Task to complete -> Exactly reproduce the lines of the listing below from the one containing "sold by Muzkin" through the one containing "Bling Leopard Car". Skip the images.

Raw data ->
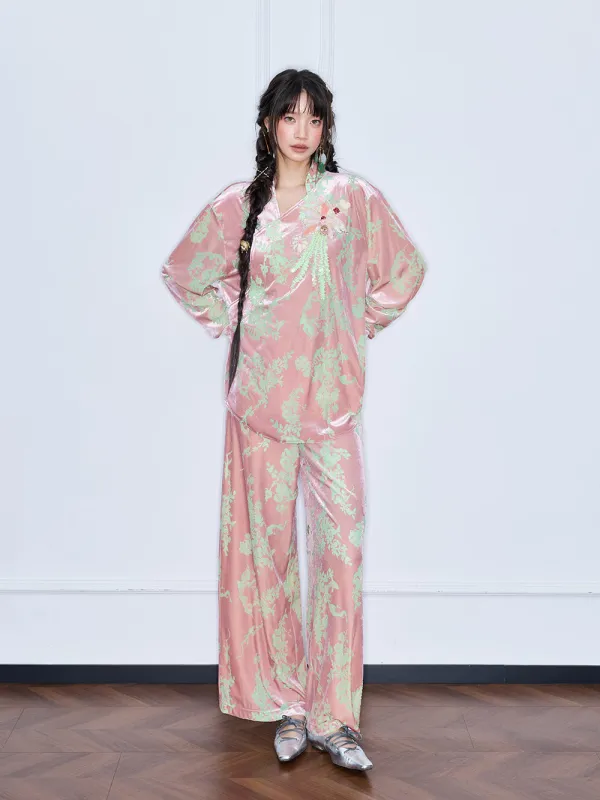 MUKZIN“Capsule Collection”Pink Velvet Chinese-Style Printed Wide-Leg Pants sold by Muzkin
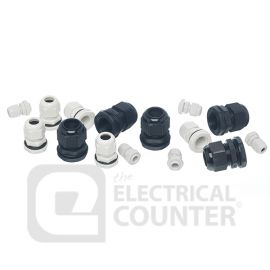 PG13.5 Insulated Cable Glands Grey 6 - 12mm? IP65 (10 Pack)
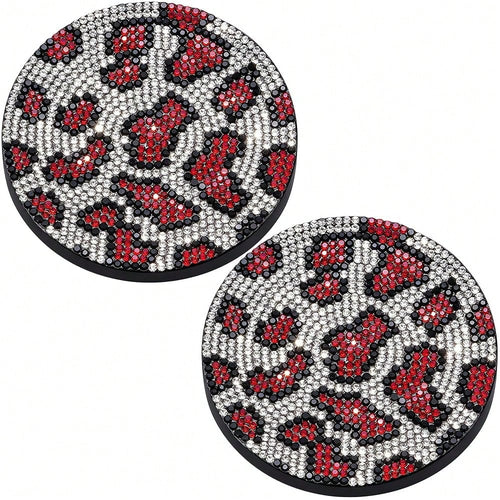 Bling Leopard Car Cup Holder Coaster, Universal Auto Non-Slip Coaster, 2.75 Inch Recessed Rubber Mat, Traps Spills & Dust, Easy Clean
...
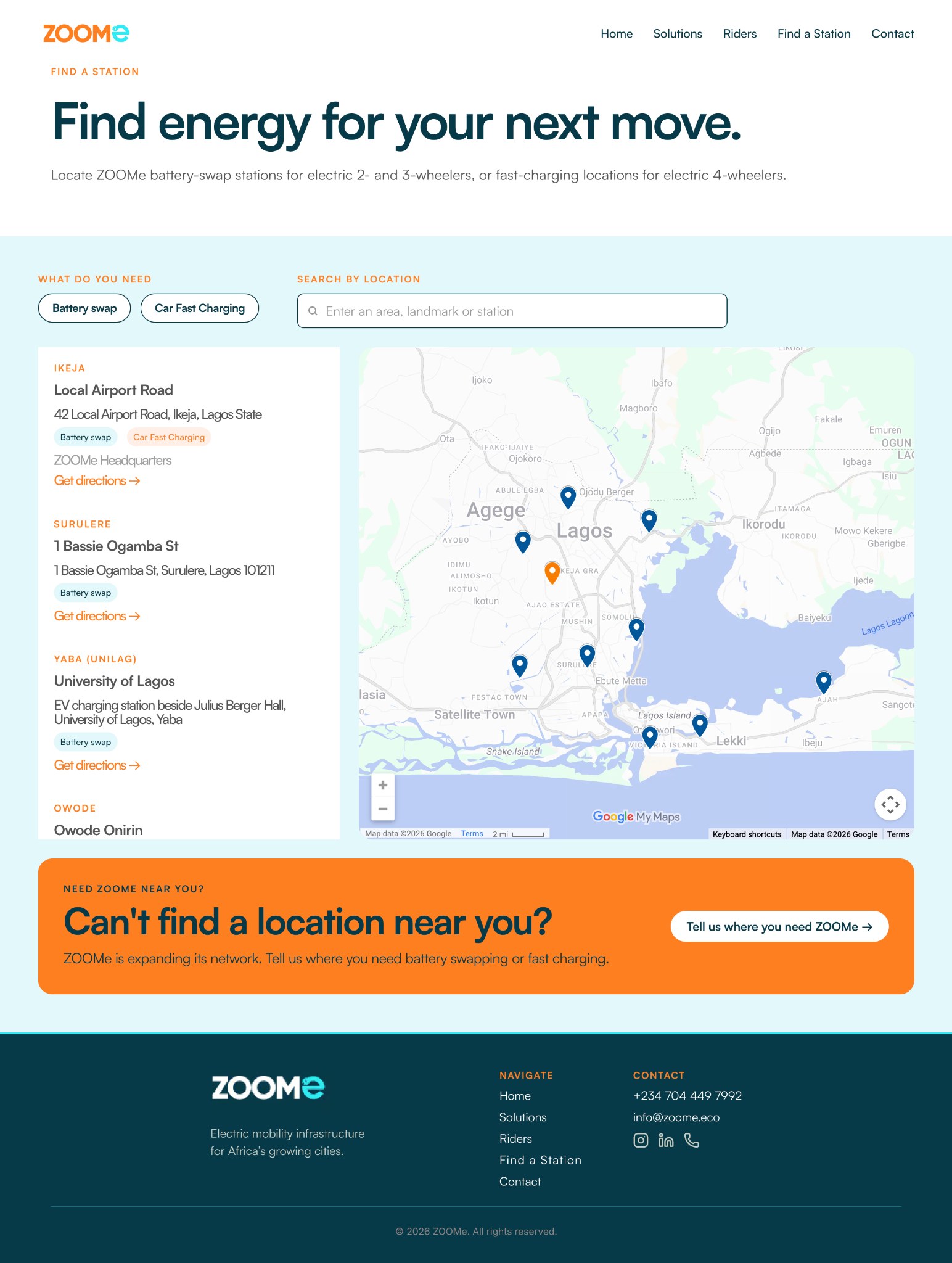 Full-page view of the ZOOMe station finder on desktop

Task output ->
 MUKZIN“Capsule Collection”Pink Velvet Chinese-Style Printed Wide-Leg Pants sold by Muzkin
 PG13.5 Insulated Cable Glands Grey 6 - 12mm? IP65 (10 Pack)
 Bling Leopard Car Cup Holder Coaster, Universal Auto Non-Slip Coaster, 2.75 Inch Recessed Rubber Mat, Traps Spills & Dust, Easy Clean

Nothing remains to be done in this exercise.